Unveiling Kate Chopin. University Press of Mississippi, 1999, pp. 3-21.
- Some key ideas: The story “can be read as a criticism of marriage itself, as an institution that traps women” (10).
- Unveiling Kate Chopin (archive.org)
- Berkove, Lawrence I. “Fatal Self-Assertion in Kate Chopin’s ‘The Story of an Hour’.”
American Literary Realism, vol. 32, no. 2, 2000, pp. 152–58.
- Some key ideas: “There is evidence of a deeper level of irony in the story which does not regard Louise Mallard as a heroine but as an immature egotist and a victim of her own extreme self-assertion” (152).
- Cunningham, Mark. “The Autonomous Female Self and the Death of Louise Mallard in Kate Chopin’s ‘Story of an Hour.’”
English Language Notes, vol. 42, no. 1, Sept. 2004, pp. 48-55.
- Some key ideas: She didn’t see her husband, and merely died of joy because of her sense of liberation.
- Foote, Jeremy. “Speed That Kills: The Role of Technology in Kate Chopin’s ‘The Story of An Hour.’”
The Explicator, vol. 71, no. 2, 2013, pp. 85-89.
- Some key ideas: The husband’s train commute may have caused/exacerbated problems in marriage, and the speed of telegram led to the misunderstanding about his death. (These technologies were both relatively new at the time.)
Edgar Allan Poe, “Annabel Lee” (1849)
- Booth, Bradford A. “The Identity of Annabel Lee.”
College English, vol. 7, no. 1, Oct. 1945, pp. 17-19.
- Some key ideas: The “kinsmen” are probably a poetic way of referring to the “angels” who are mentioned later in the poem (18); some details suggest Annabel Lee is a representation of Sarah Elmira Royster Shelton (17-18), while other details suggest Annabel Lee is a representation of Virginia Poe (18), but this is a poem rather than an exact autobiography (18-19).
- Jones, Buford and Kent Ljungquist. “Poe, Mrs. Osgood, and ‘Annabel Lee.’”
Studies in the American Renaissance, 1983, pp. 275-280.
- Some key ideas: The poem “Annabel Lee” was inspired by another poem featuring angels and demons.
- Richardson, Mark. “Who Killed Annabel Lee?: Writing about Literature in the Composition Classroom.”
College English, vol. 66, no. 3, Jan. 2004, pp. 278-293.
- Some key ideas: Either the narrator, or Annabel Lee’s relatives, killed her or let her die (286).
Abraham Lincoln, Gettysburg Address (1863)

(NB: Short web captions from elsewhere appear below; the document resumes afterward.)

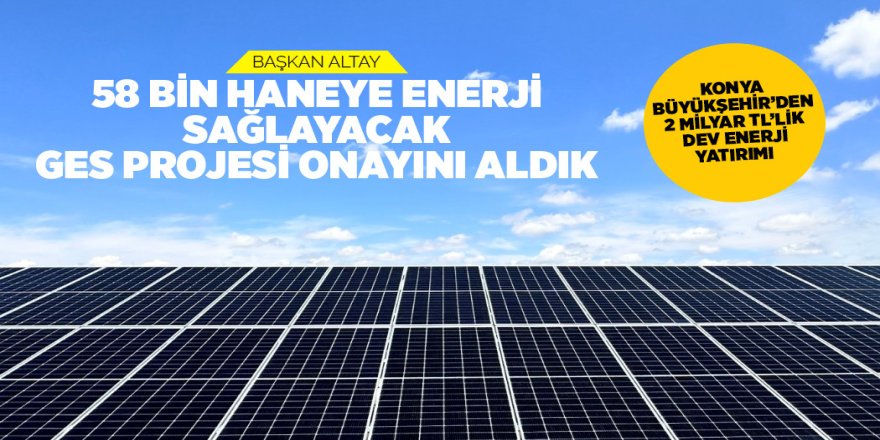 BAŞKAN ALTAY: “58 BİN HANEYE ENERJİ SAĞLAYACAK GES PROJESİ ONAYINI ALDIK”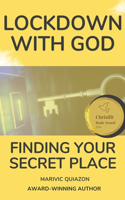 Lockdown with God
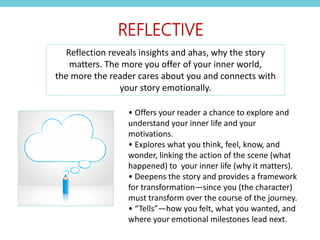 • Offers your reader a chance to explore and
understand your inner life and your
motivations.
• Explores what you think, feel, know, and
wonder, linking the action of the scene (what
happened) to your inner life (why it matters).
• Deepens the story and provides a framework
for transformation—since you (the character)
must transform over the course of the journey.
• “Tells”—how you felt, what you wanted, and
where your emotional milestones lead next.
REFLECTIVE
Reflection reveals insights and ahas, why the story
matters. The more you offer of your inner world,
the more the reader cares about you and connects with
your story emotionally.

Begin with the “Final Text” and compare small changes in wording with the other versions.
To engage with the arguments below, you may want to read Lincoln’s other speeches and writings,
available in the searchable digital edition of Lincoln’s Collected Works.

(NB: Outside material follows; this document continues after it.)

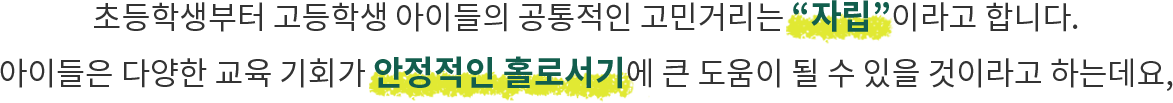 초등학생때부터 고등학생 아이들의 고민거리는 자립이라고 합니다. 아이들은 다양한 교육 기회가 안정적인 홀로서기에 큰 도움이 될 수 있을 것이라고 하는데요,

- Huston, James L. “The Lost Cause of the North: A Reflection on Lincoln’s Gettysburg Address and the Second Inaugural.”
Journal of the Abraham Lincoln Association, vol. 33, no. 1, winter 2012, pp. 14-37.

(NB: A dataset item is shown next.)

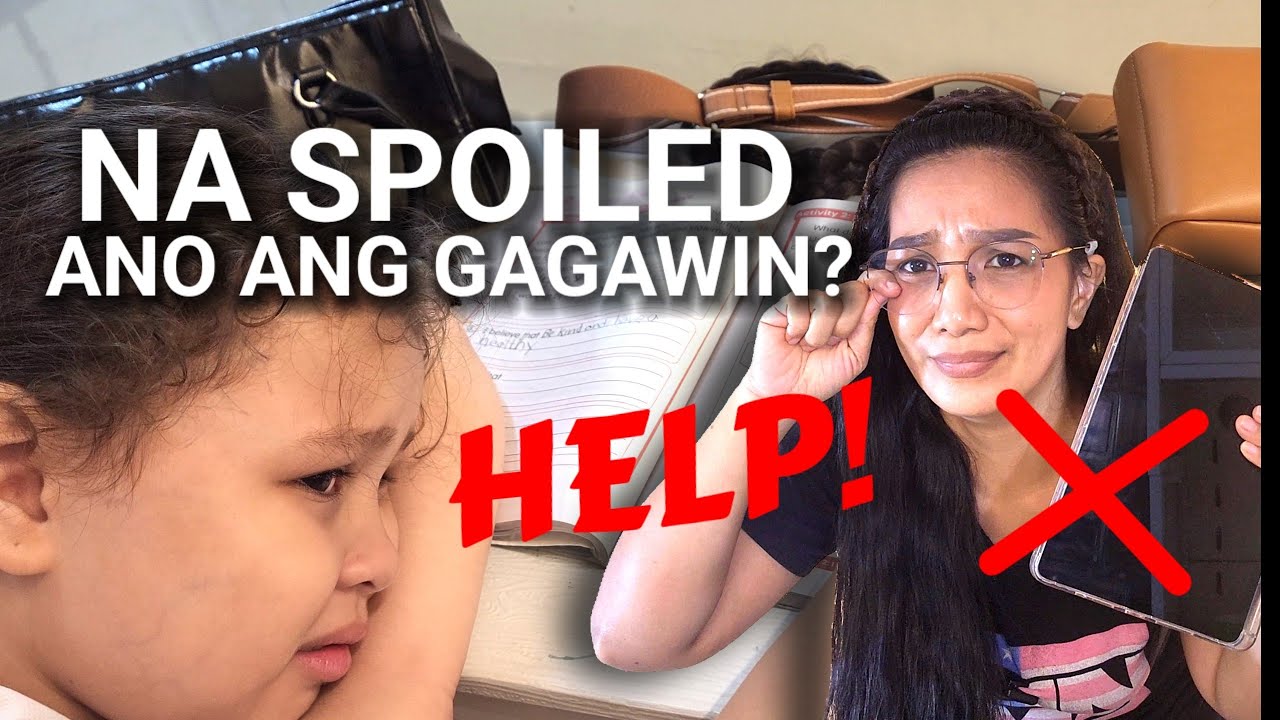 HONEST STRUGGLE NG ISANG NANAY NA SPOILED ANG ANAK! | ANO ANG GAGAWIN PAG NA SPOILED ANG ANAK?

- Some key ideas: Huston argues that Lincoln’s Gettysburg Address does not use the phrase “all men are created equal” to attack slavery, but merely to talk about the American republic; the point of the address (according to Huston) is that the Civil War was about preserving the Union and its form of government, not about slavery (27-30). Later, in his Second Inaugural Address, Lincoln rejects the point he made in the Gettysburg Address and says the war was caused by slavery (16-17, 35, 37). Huston defends his point that preserving the Union was Lincoln’s focus in the Gettysburg Address by using Lincoln’s arguments in other speeches and writings that secession from the Union was illegal (17-24) and that secession threatened majority rule and therefore the form of government of the republic (24-25), as well as other Northerners’ perception at the time that the Civil War was about preserving the Union, not about slavery (29-30).
- Elmore, A. E. “The Heart of the Message.”
Lincoln’s Gettysburg Address: Echoes of the Bible and Book of Common Prayer. Southern Illinois University Press, 2014, pp. 190-218, 247-249.
- Some key ideas: Elmore argues that Lincoln’s Gettysburg Address uses the phrase “all men are created equal” to attack slavery (190, 200, 205-208, 217-218). According to Elmore, Lincoln was responding to writers and speakers such as Ross, Calhoun, who defended slavery by criticizing the Declaration of Independence and its idea that all men are created equal (200, 203-205). Lincoln had earlier argued that the phrase “all men are created equal” applied to African Americans (206-207), an idea which his political opponent Douglas rejected (205-206). To give further context and support for this point, Elmore argues that, in the early years of the United States, both North and South hoped slavery would eventually come to an end but did not know how to end it (190-193), but that after slavery became more profitable, and German political scientists suggested that inequality was necessary for social organization (193-195), Southern thinkers rejected their own earlier criticism of slavery and concluded that slavery was a good thing (195-200). Stephens, a congressman from Georgia who knew Lincoln, rejected the anti-slavery idea of racial equality (208-209), and he and other Southern thinkers saw slavery and ideas about race as the cause of the Civil War until nearly the end of the war (208-215). According to Elmore, Lincoln’s use of the phrase “all men are created equal” from the Declaration of Independence was thus a reminder that North and South had previously agreed in moral opposition to slavery, and that only more recently had Southern thinkers rejected the idea of human equality.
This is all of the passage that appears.